In the United Kingdom, the Bank of England interest rate decision on October 10th revealed absolutely no change, with the interest rate remaining at 0.50% – the level it has been since 2009. In addition, the BoE Asset Purchase Facility, otherwise known as the country’s QE program, was also left intact remaining at 375 billion pounds. There has generally been no substantial change recorded neither in Governor Carney’s policy nor in the UK economy as a whole this month. Data released on Wednesday by the National Institute of Economic and Social Research indicated that the British economy expanded by 0.8% in Q3, thanks in large to the outstanding performance witnessed in the industrial sector over the past few months, despite the 1.1% drop recorded in August. This coming Tuesday, October 15th, the UK is holding its breath for key fundamental news such as the Core Consumer Price Index and the PPI Core Output. Wednesday the 16th is to reveal the Claimant Count Change, while the 17th of the month holds UK Retail Sales figures in store.

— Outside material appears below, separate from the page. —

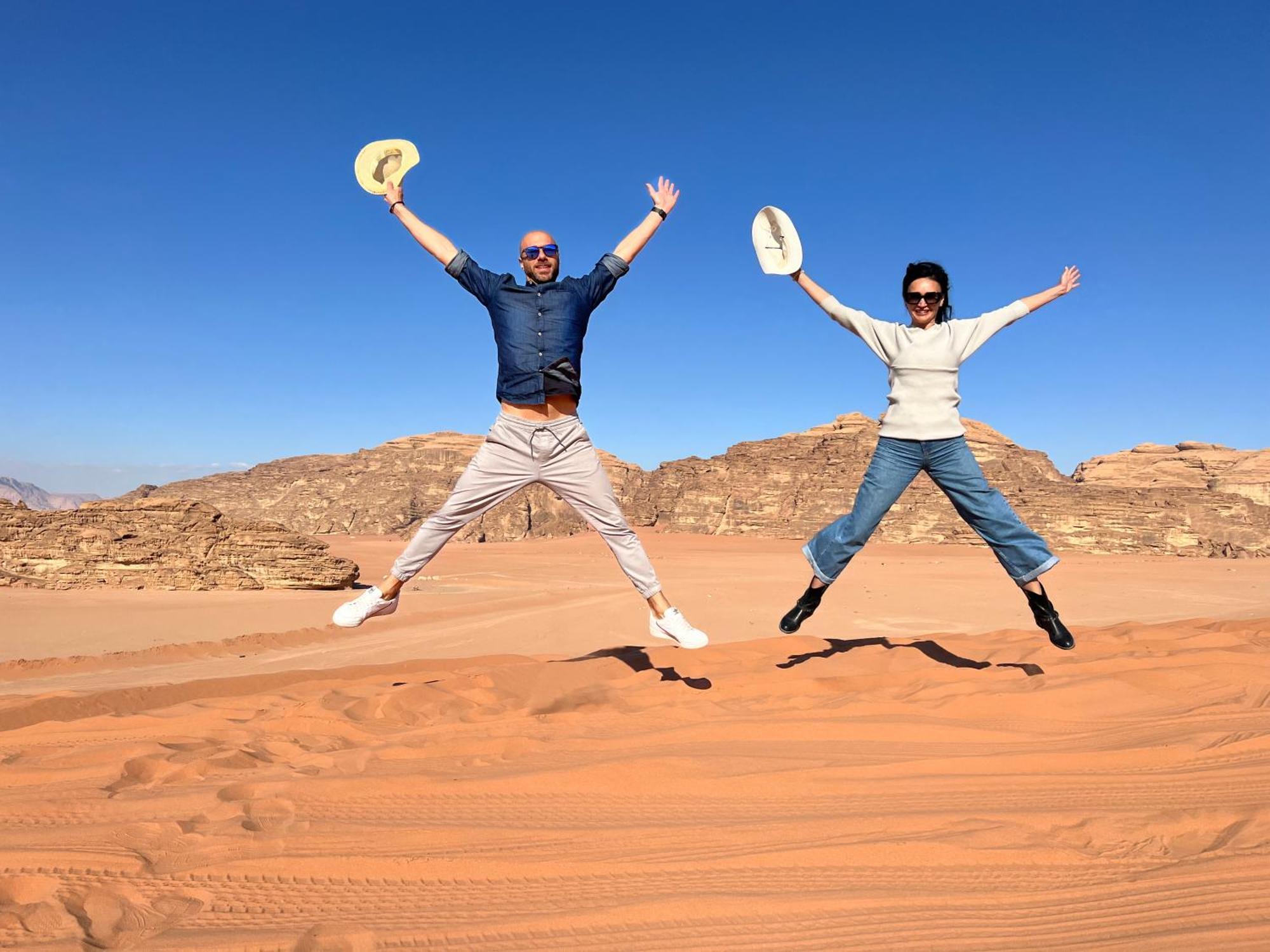 Wadi Rum Rose Luxury Camp Luaran gambar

What has been called a ‘moderate recovery’ will continue in Japan according to the meeting minutes released last week by the country’s central bank, as it moves forward with the money market operations planned in order to increase Japan’s monetary base by 60-70 trillion yen a year and also with the buying of government bonds and ETFs. The Bank of Japan is also intent on using quantitative easing until Japan reaches the desired price stability target of 2%, as all measures decided on by the Bank of Japan always revolve around a much-longed-for end to over a decade of deflation. This week in the cards for Japan are the figures on foreign investment in Japanese stocks due out on Thursday 17th, and the much anticipated speech of Governor Kuroda on Friday 18th.

What to watch this week!

EUR/USD: the major currency pair appears to be calming down following its latest uptrend, with the next levels to watch out for being the support levels of 1.3640, 1.3726 and 1.3898, and the resistance levels of 1.3472, 1.339 and 1.3304.